Ah, the CD – famous for its then mind-blowing 650MB capacity and ability to fend off honey and stones when demonstrated on TV.
In retrospect, presenters’ insistence on lashing out at shiny discs with whatever came to hand to prove their toughness might have been a mistake. This seemed to kick off a myth that Tomorrow’s World had got someone to play one covered in jam, and put in people’s minds the notion that a CD would play even if you first attacked it with random components of next door’s rock garden. As we soon all discovered to our disappointment, neither of these things was true.
You sound bitter. Still pining for 8-tracks, vinyl and cassette tapes
Not at all. The compact disc was a marvel when it hit the mainstream. CD players quickly shrank from the size of Sony’s pioneering but monstrous CDP-101 to being barely thicker than a couple of jewel cases, and portable options rapidly replaced personal cassette players prone to eating music rather than playing it. You could instantly skip tracks you hated, and recordable CDs later let you create compilations at speed, rather than being that bore in High Fidelity who spent hours faffing about with a tape deck.
But no one these days would bother with that! Haven’t you heard of playlists?

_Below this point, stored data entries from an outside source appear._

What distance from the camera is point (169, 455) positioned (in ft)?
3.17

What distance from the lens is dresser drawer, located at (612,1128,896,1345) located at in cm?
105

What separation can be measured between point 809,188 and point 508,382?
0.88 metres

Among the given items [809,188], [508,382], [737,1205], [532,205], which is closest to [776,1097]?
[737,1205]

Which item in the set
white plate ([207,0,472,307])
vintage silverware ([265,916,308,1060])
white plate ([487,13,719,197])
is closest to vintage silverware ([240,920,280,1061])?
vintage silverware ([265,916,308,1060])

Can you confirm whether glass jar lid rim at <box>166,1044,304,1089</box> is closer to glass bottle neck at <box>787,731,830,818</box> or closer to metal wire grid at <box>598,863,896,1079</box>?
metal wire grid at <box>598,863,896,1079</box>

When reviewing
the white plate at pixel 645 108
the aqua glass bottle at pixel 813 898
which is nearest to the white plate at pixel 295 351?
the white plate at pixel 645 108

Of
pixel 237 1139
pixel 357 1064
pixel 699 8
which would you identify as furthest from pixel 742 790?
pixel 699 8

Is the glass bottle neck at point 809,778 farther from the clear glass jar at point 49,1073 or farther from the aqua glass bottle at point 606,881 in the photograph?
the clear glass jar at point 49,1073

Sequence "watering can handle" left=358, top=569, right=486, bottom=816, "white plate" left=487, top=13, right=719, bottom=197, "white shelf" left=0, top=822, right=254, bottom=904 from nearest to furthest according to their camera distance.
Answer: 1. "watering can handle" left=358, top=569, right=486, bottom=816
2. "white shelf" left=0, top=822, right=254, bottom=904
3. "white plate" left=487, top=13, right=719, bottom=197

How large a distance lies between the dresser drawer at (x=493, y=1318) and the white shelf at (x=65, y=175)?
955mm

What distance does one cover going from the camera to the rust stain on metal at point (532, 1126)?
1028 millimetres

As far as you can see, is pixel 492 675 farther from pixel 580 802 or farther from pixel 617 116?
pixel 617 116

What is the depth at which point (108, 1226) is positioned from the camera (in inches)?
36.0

Quite. The CD i s very much on borrowed time, as shown by sales in the USA dipping below vinyl – something that last happened in 1986, when many people still thought Phil Collins was cool. Vinyl does cheat, mind, in being bolstered by Record Store Day – there’s no such equivalent for digital discs. Still, retro technology eventually comes around for a second go, and so we imagine in a couple of decades there there’ll be a baffling hipster revival of CDs – by which point hardly anyone will own anything to play the things on.